(SUPPLIED MATERIAL)

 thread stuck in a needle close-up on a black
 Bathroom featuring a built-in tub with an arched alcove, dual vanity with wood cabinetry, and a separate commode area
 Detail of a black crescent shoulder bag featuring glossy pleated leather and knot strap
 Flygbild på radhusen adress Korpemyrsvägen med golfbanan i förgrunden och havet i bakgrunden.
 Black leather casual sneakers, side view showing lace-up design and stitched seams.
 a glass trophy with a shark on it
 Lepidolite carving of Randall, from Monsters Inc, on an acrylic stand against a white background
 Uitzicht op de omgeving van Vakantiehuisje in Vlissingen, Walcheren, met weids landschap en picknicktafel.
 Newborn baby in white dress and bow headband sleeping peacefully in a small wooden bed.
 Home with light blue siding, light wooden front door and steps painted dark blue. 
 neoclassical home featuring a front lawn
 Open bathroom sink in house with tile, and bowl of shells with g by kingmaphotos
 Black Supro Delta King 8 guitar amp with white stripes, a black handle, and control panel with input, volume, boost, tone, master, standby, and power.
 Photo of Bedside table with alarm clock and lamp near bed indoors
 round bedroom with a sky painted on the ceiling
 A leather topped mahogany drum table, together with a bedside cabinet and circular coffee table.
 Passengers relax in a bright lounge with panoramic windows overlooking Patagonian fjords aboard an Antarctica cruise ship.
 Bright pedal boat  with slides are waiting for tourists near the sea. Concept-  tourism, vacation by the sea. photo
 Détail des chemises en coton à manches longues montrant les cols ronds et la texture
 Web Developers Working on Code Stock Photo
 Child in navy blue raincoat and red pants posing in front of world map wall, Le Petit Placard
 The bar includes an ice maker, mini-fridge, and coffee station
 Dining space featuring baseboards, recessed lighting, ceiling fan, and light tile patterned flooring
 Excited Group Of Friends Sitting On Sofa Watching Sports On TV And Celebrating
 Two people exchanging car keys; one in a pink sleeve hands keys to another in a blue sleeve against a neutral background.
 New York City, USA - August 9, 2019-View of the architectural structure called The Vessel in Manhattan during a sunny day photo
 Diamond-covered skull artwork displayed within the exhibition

(End SUPPLIED MATERIAL)

WHAT IS EXPECTED> From the records above, print exactly the lines that run from the line with "Black Supro Delta" to the line with "Détail des chemises", inclusive.

EXERCISE SOLUTION>
 Black Supro Delta King 8 guitar amp with white stripes, a black handle, and control panel with input, volume, boost, tone, master, standby, and power.
 Photo of Bedside table with alarm clock and lamp near bed indoors
 round bedroom with a sky painted on the ceiling
 A leather topped mahogany drum table, together with a bedside cabinet and circular coffee table.
 Passengers relax in a bright lounge with panoramic windows overlooking Patagonian fjords aboard an Antarctica cruise ship.
 Bright pedal boat  with slides are waiting for tourists near the sea. Concept-  tourism, vacation by the sea. photo
 Détail des chemises en coton à manches longues montrant les cols ronds et la texture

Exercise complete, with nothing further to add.